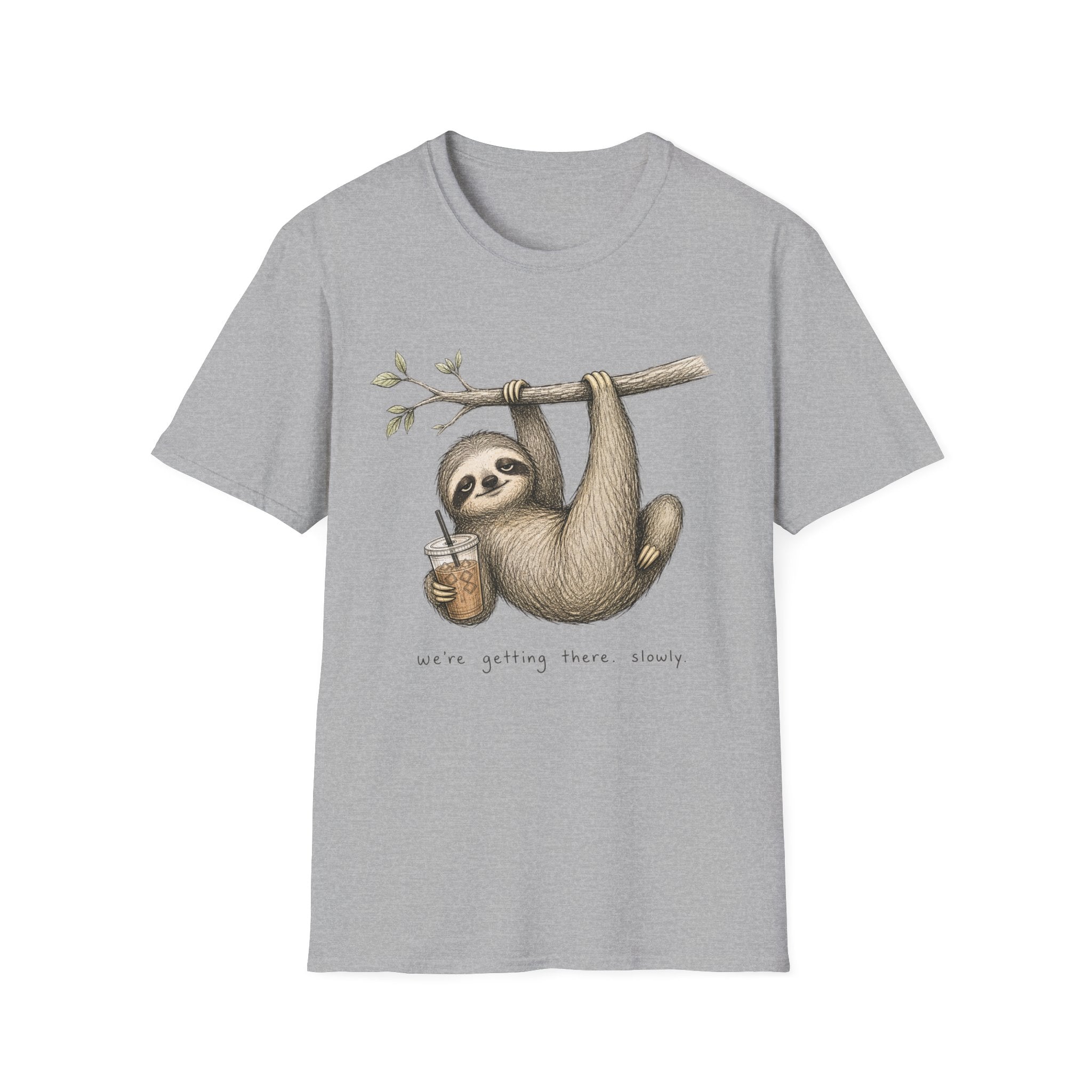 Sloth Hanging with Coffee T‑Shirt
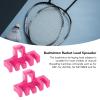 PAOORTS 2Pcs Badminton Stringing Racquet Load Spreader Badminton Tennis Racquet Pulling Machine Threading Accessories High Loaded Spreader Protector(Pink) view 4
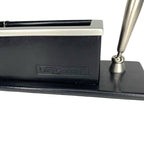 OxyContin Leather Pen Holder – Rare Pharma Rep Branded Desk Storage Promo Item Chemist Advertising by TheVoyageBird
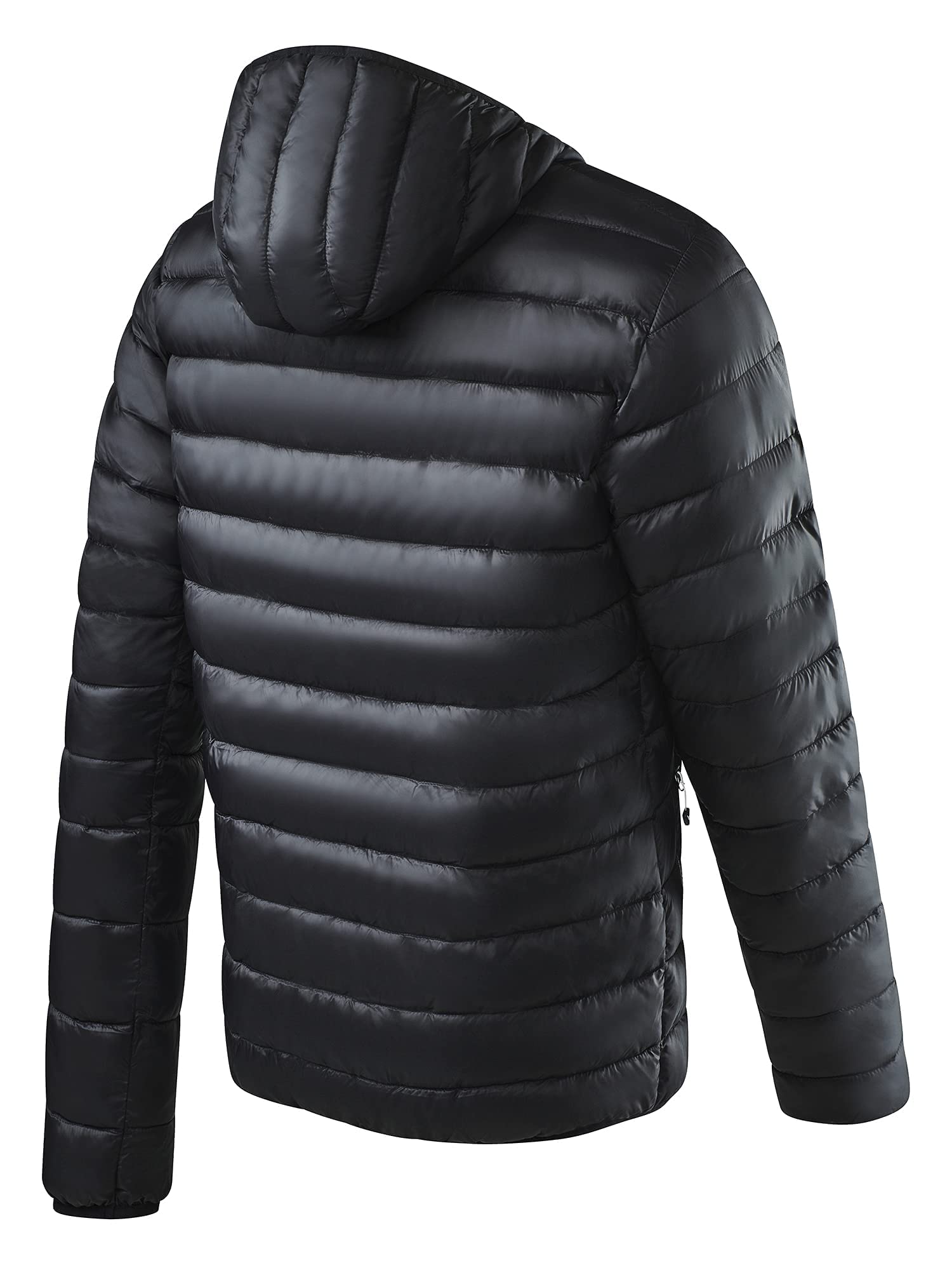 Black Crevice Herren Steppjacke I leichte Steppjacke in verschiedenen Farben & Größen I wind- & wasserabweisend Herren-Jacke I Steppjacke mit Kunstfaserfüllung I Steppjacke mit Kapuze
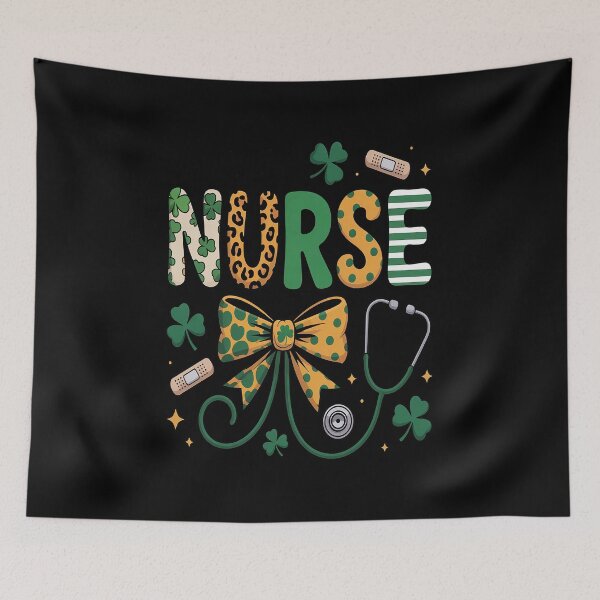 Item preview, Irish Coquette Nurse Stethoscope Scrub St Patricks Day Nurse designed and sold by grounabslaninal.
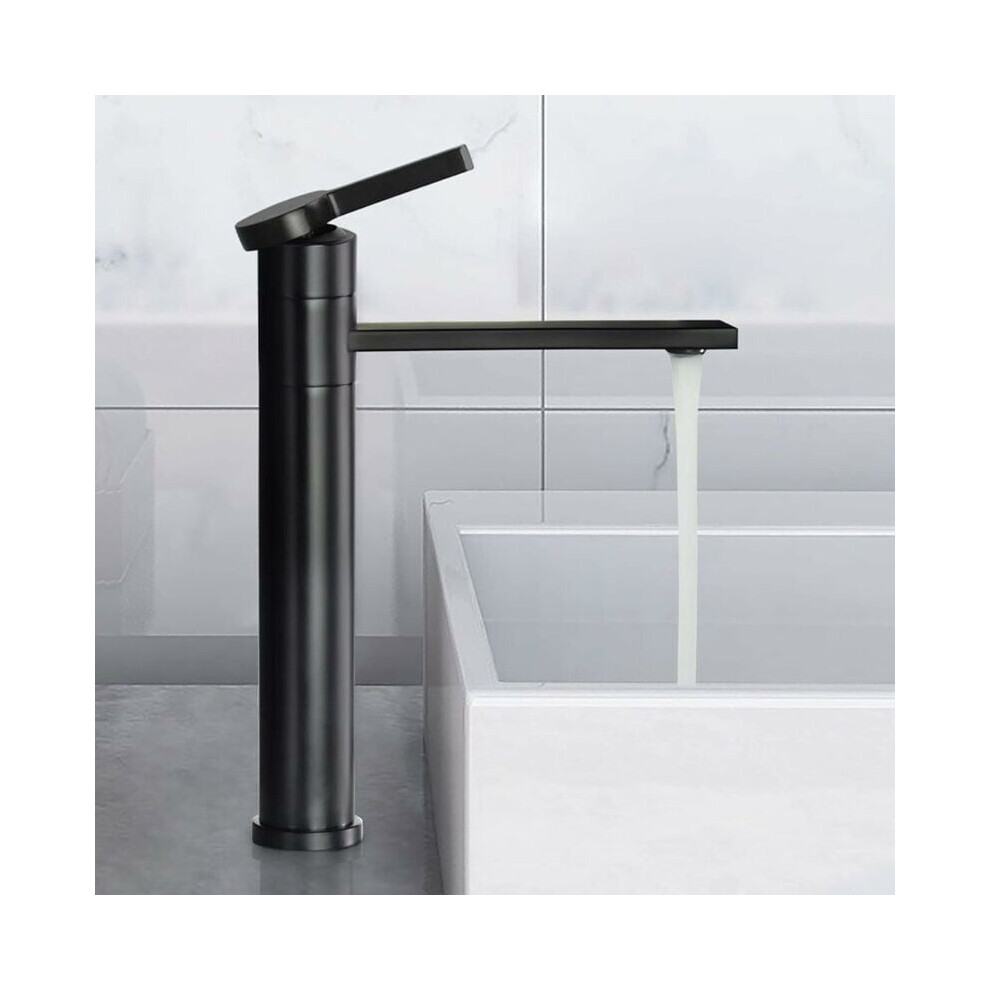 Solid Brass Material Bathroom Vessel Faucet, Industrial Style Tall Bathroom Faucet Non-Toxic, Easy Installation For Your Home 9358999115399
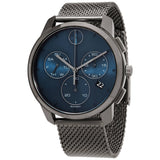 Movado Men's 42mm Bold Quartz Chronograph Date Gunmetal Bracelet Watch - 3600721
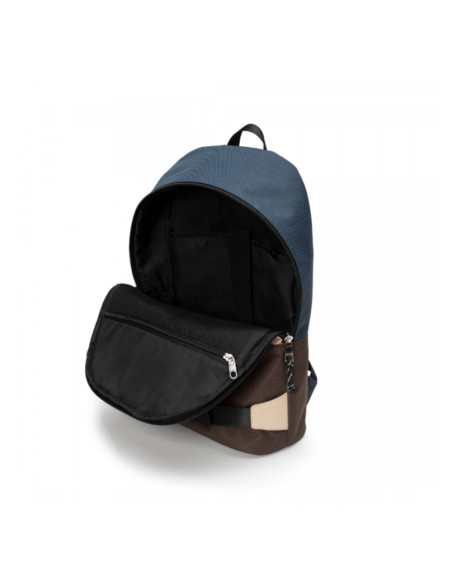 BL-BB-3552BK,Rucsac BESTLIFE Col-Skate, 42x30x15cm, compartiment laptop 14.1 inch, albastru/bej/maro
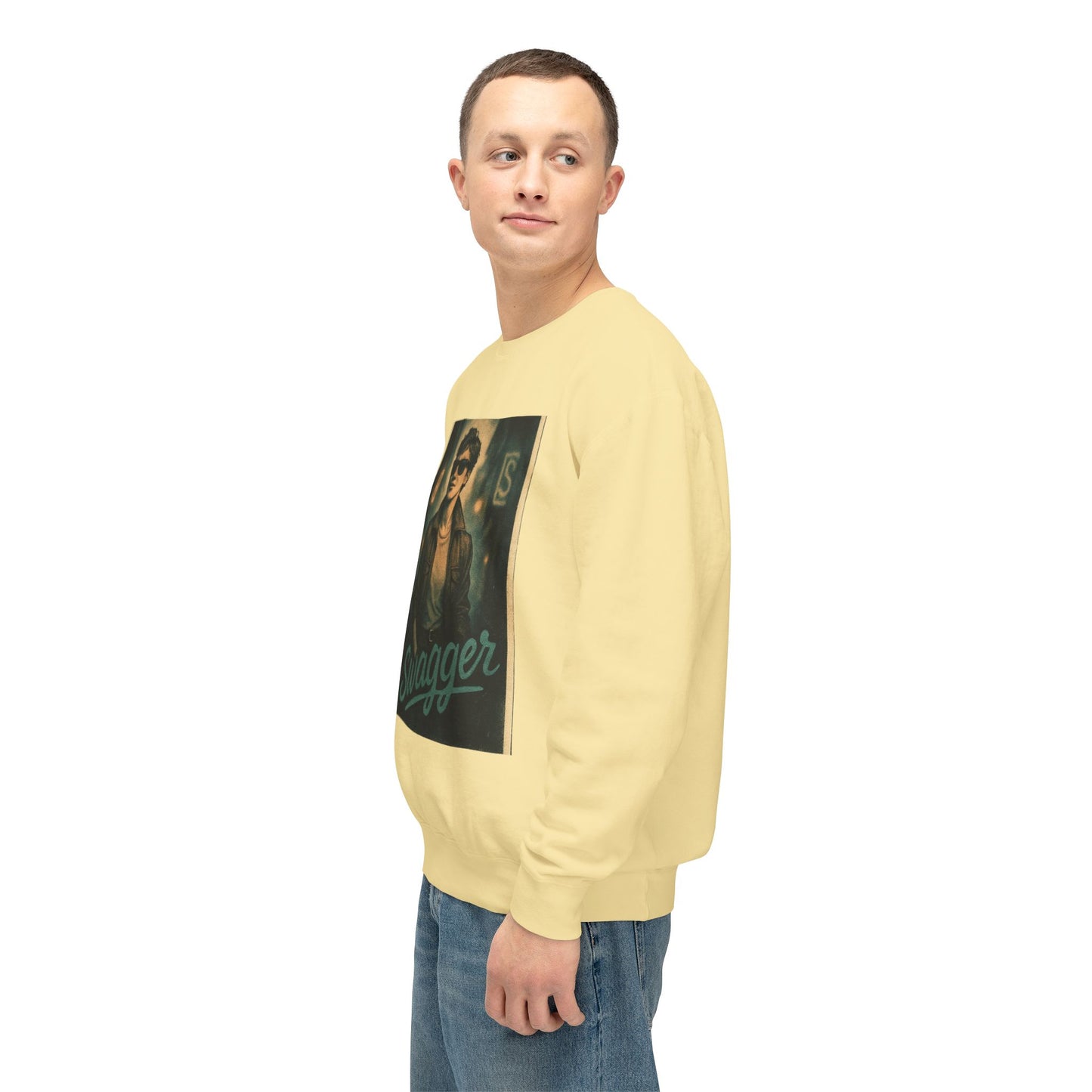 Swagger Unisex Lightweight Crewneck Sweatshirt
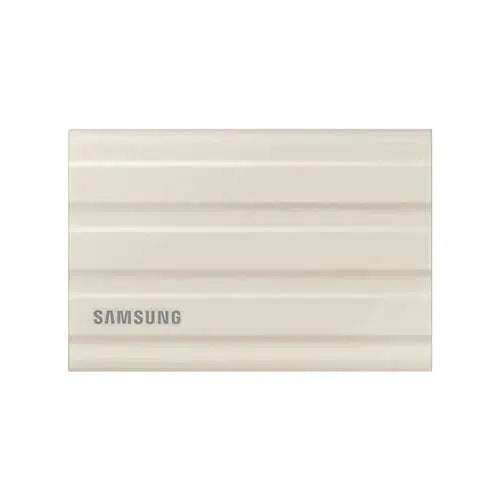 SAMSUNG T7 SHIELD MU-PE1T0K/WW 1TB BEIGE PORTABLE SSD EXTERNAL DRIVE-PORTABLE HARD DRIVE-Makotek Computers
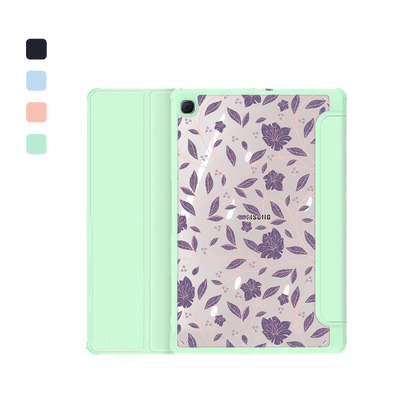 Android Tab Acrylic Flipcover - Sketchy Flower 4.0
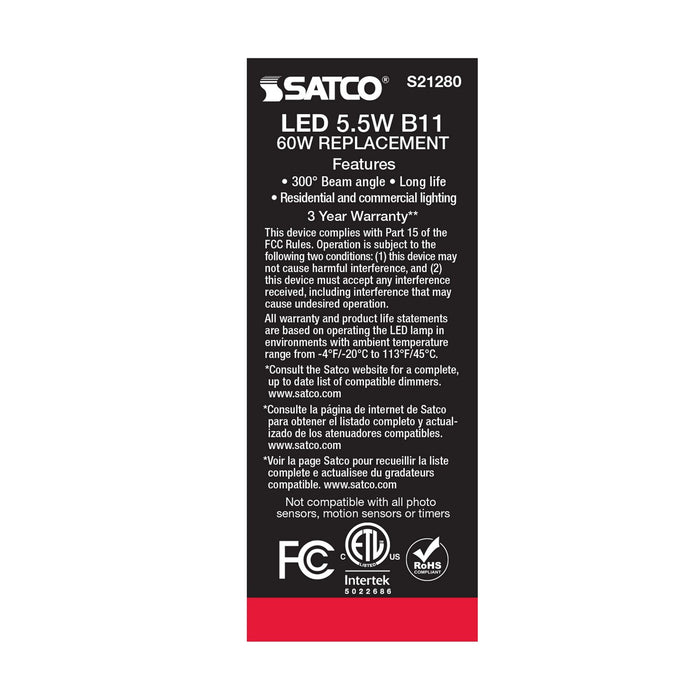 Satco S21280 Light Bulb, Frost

▬▬▬▬▬▬▬▬▬▬

### What you are asked to do
Your answer must be an exact copy of the records above, with no pictures included.

### Solution to the problem
 Sloth Hanging with Coffee T‑Shirt
 PAOORTS 2Pcs Badminton Stringing Racquet Load Spreader Badminton Tennis Racquet Pulling Machine Threading Accessories High Loaded Spreader Protector(Pink) view 4
 OxyContin Leather Pen Holder – Rare Pharma Rep Branded Desk Storage Promo Item Chemist Advertising by TheVoyageBird
 Black Crevice Herren Steppjacke I leichte Steppjacke in verschiedenen Farben & Größen I wind- & wasserabweisend Herren-Jacke I Steppjacke mit Kunstfaserfüllung I Steppjacke mit Kapuze
 Item preview, Irish Coquette Nurse Stethoscope Scrub St Patricks Day Nurse designed and sold by grounabslaninal.
 Solid Brass Material Bathroom Vessel Faucet, Industrial Style Tall Bathroom Faucet Non-Toxic, Easy Installation For Your Home 9358999115399
 Movado Men's 42mm Bold Quartz Chronograph Date Gunmetal Bracelet Watch - 3600721
 BL-BB-3552BK,Rucsac BESTLIFE Col-Skate, 42x30x15cm, compartiment laptop 14.1 inch, albastru/bej/maro
 Swagger Unisex Lightweight Crewneck Sweatshirt
 SAMSUNG T7 SHIELD MU-PE1T0K/WW 1TB BEIGE PORTABLE SSD EXTERNAL DRIVE-PORTABLE HARD DRIVE-Makotek Computers
 Android Tab Acrylic Flipcover - Sketchy Flower 4.0
 Satco S21280 Light Bulb, Frost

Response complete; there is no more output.